**YOUR TASK:**
In the answer, transcribe exactly the lines from the beginning of the material through the line holding "Izlet iz Ljubljane", and skip every picture.

** Opening RECORDS SHOWN block **

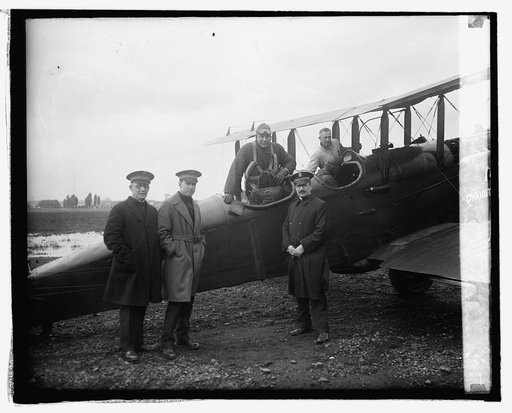 Salvation Army officers at Bolling Field, [5/1/25
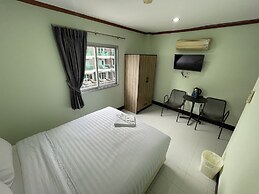 Omaya Guest House
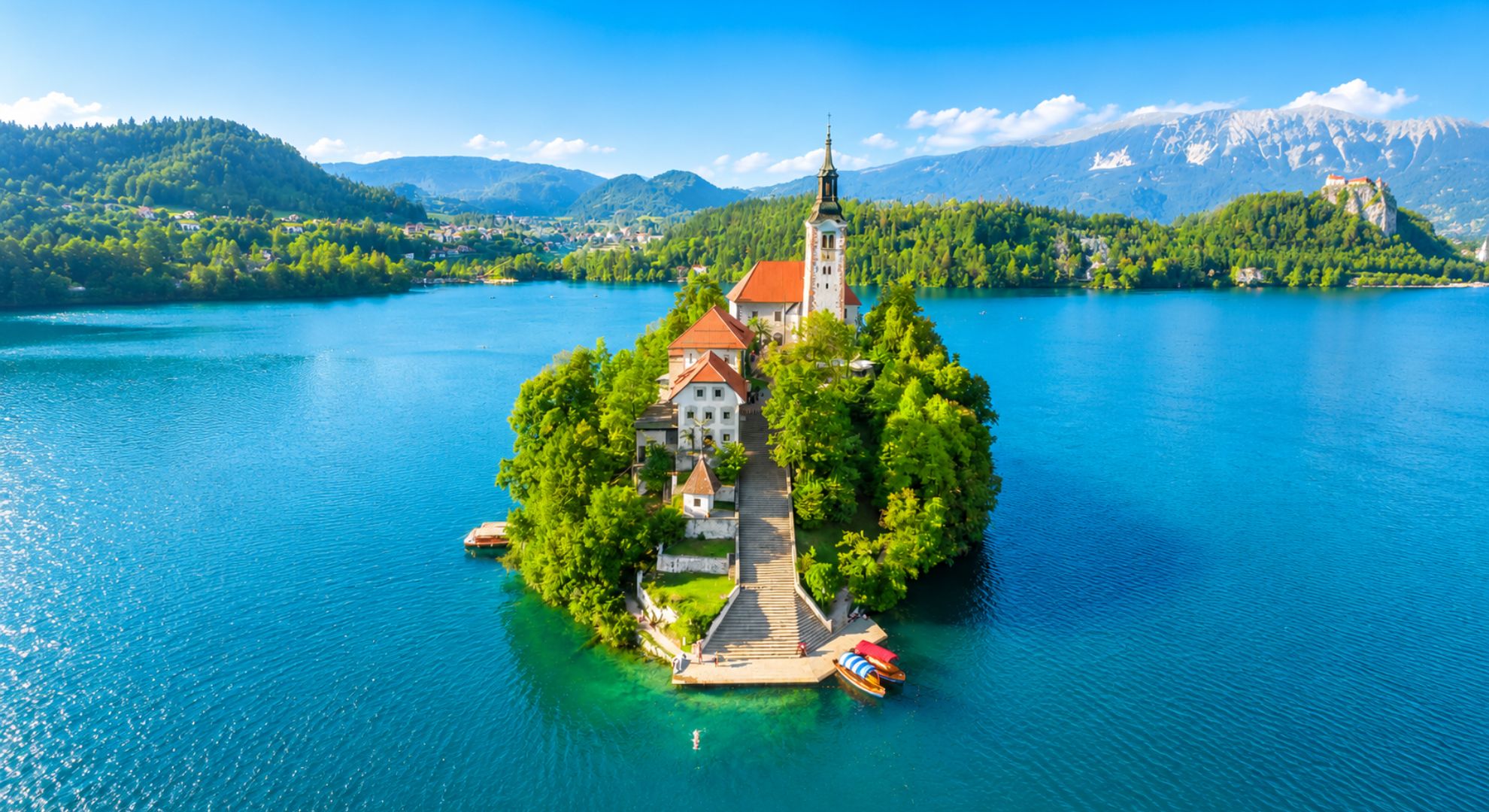 Izlet iz Ljubljane na Bled Blejsko jezero z otokom in gorami v ozadju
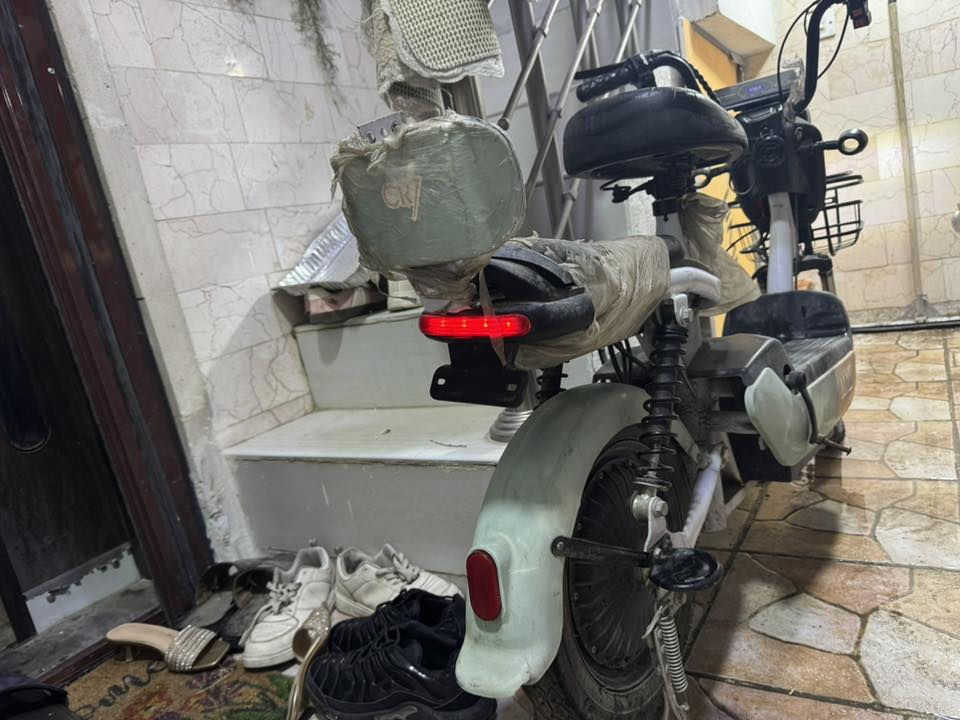 دراجة حجم 14 شحن مستعملة للبيع موديل 2025 الدراجة صغيرة يعني مو مال اعمار جبيرة يعني حسب كبرك انتَ الدراجة نظيفة البايدرات شايلهن لان مابيهن فايدة والمرايات هم شايلهن هنة والاراقم وكلهن موجودات تاخذهن وية الدراجة الدراجة مبدللهة بطاريات جدد يعني ميحتاج تبدل بعد والحساس شايله يعني متقرة سرعه لان حاطلهة عقل اقوة حتى تمشي اسرع الدراجة الشاشة مابيهة شي وبلوتوث وهورن واشاير وكلوب لد عالي وناصي و 3 سرع الدراجة وبصمه الدراجة وموجودة الاحتياطية ويعني هية بعد هم ماشيه بالشارع هواي تاخذهة هية على كد فلوسهة سعرهة ب180وبس الشراي يخابرني وبيهة مجال كلش كلش بسيط للشراي مال حگ الجية مكاني بغداد حي الاعلام رقمي***********
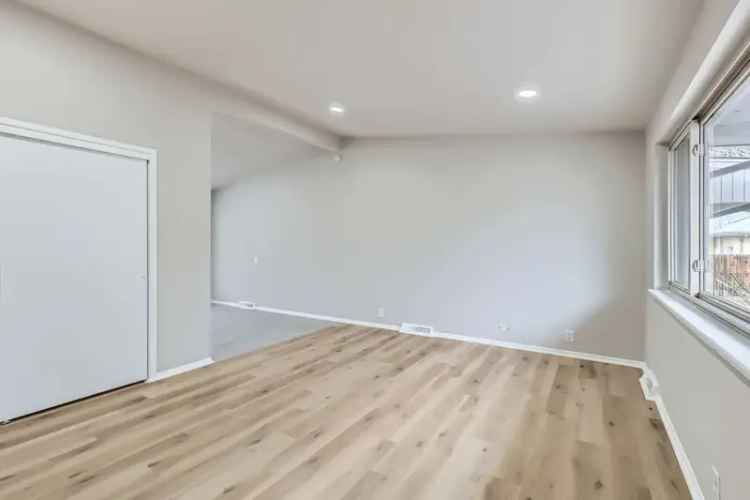 Rent 3 Bedroom Apartment Unit in Denver with Detached Garage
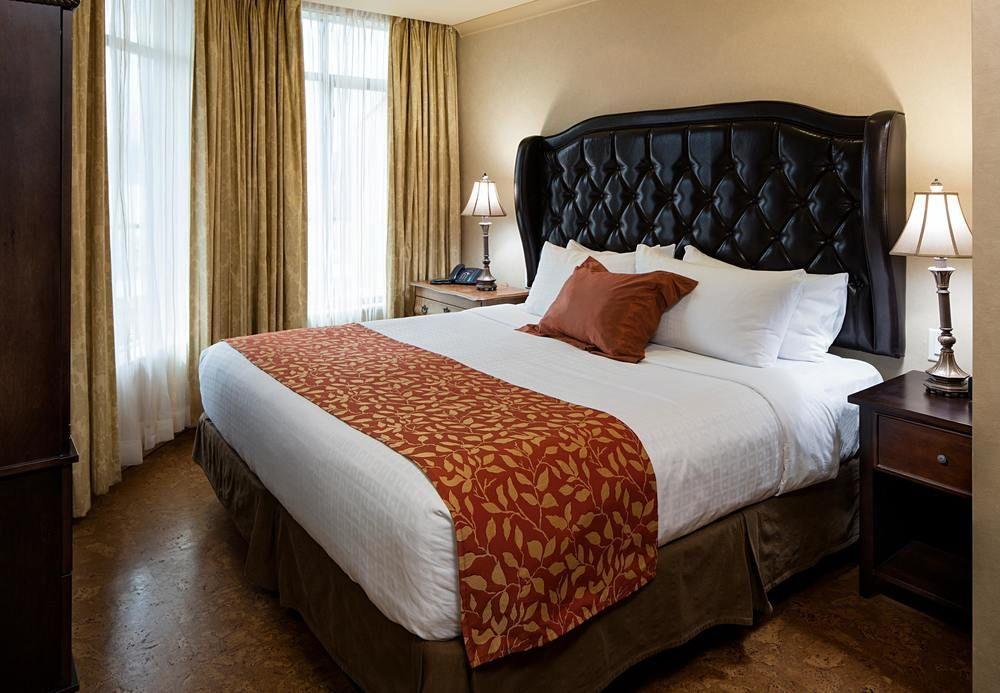 The Royal Kelowna - Bellstar Hotels & Resorts Exteriér fotografie
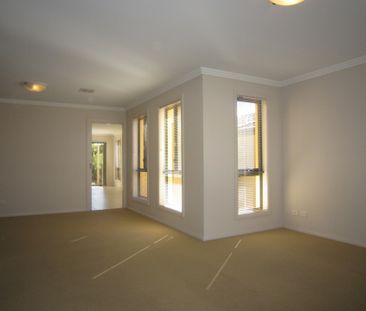Large 4 Bedroom Home in Great Location - Photo 3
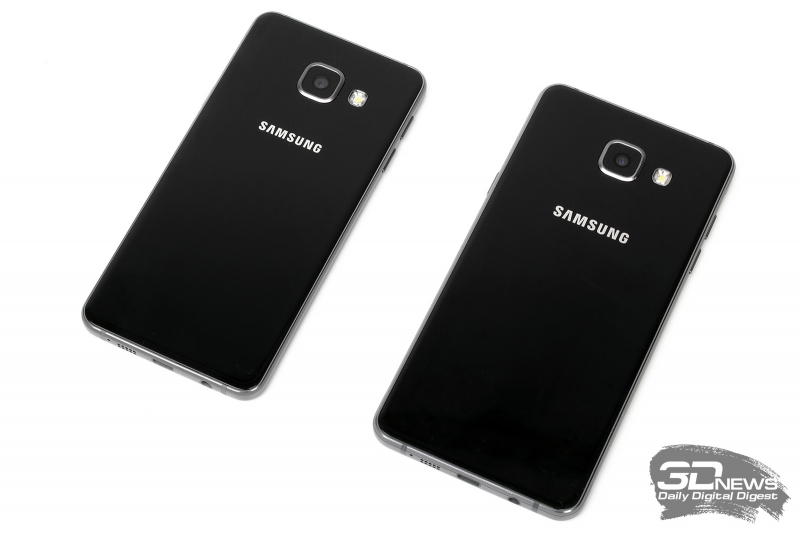  Samsung Galaxy A3 (слева) и A5 (справа) &ndash; задняя панель 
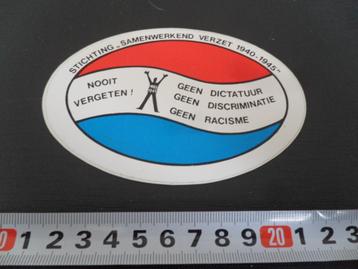 sticker Stichting Samenwerkend Verzet 1940 - 1945  beschikbaar voor biedingen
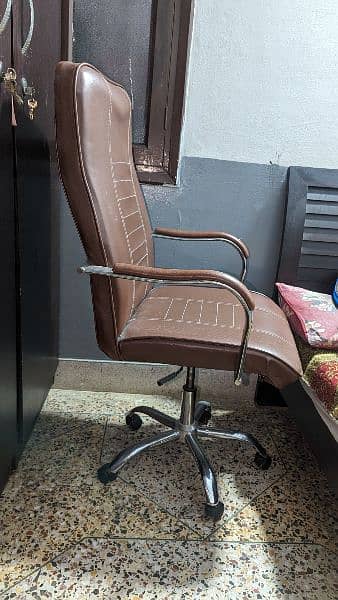 boss chair revolving chair | computer chair office chair 1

** Closing RECORDS SHOWN block **

**RESPONSE BOX:**
 Salvation Army officers at Bolling Field, [5/1/25
 Omaya Guest House
 Izlet iz Ljubljane na Bled Blejsko jezero z otokom in gorami v ozadju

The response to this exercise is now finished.